Berkshire Publishing Group
- Founded: 2000
- Founder: Karen Christensen
- Country of origin: United States
- Headquarters location: Great Barrington, Massachusetts
- Distribution: self-distributed (most of world) Eurospan Group (Europe) China Publishers Services (China)
- Publication types: Books, Journals, Databases, Podcasts
- Nonfiction topics: World history, big history, international relations, sustainability, Chinese history and culture, global cuisines
- Official website: www.berkshirepublishing.com

= Berkshire Publishing Group =

American publishing company

Berkshire Publishing Group LLC is an American publishing house founded in 2000 by editor and author Karen Christensen and anthropologist David Levinson as an academic reference book producer, developing encyclopedias for Scribner's, Routledge, Sage, Macmillan, H. W. Wilson, and ABC-CLIO. The company became an independent imprint in 2005, with the launch of Berkshire Encyclopedia of World History, edited by William H. McNeill, Jerry H. Bentley, David Christian, et al. In 2009, it began publishing individual course titles as well as major encyclopedias. The company is owned by Karen Christensen and operates internationally from Great Barrington, Massachusetts.

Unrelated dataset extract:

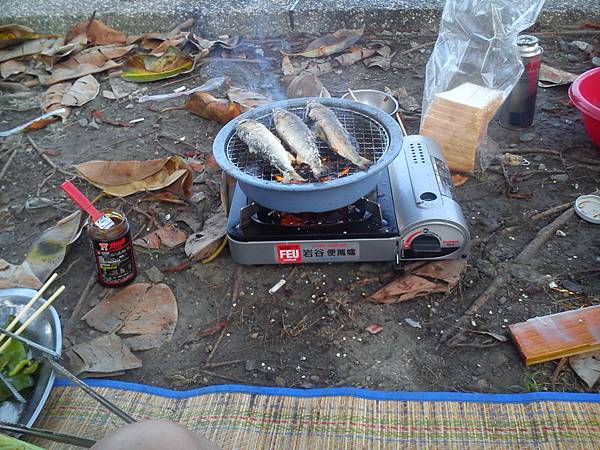 新買的烤肉爐具.不錯用..可以省很多麻煩..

Berkshire offers print and online publications on world history, international relations, sports, community, religion and society, popular culture and environmental issues. The publications focus on global perspectives: while many reference publishers and free online sources focus on the "who, what, when, and where" structure for presenting a topic, Berkshire specializes in providing resources from expert contributors who probe for deeper context and analysis, thereby helping to explain how and why.

Berkshire also claims to make special efforts in its reference titles to bring the work of acclaimed scholars to a wide general audience and to high school students.

The company publishes the Dictionary of Chinese Biography, Berkshire Encyclopedia of China, the Berkshire Encyclopedia of Sustainability, and the Berkshire Encyclopedia of World History., as well as Patterns of Global Terrorism.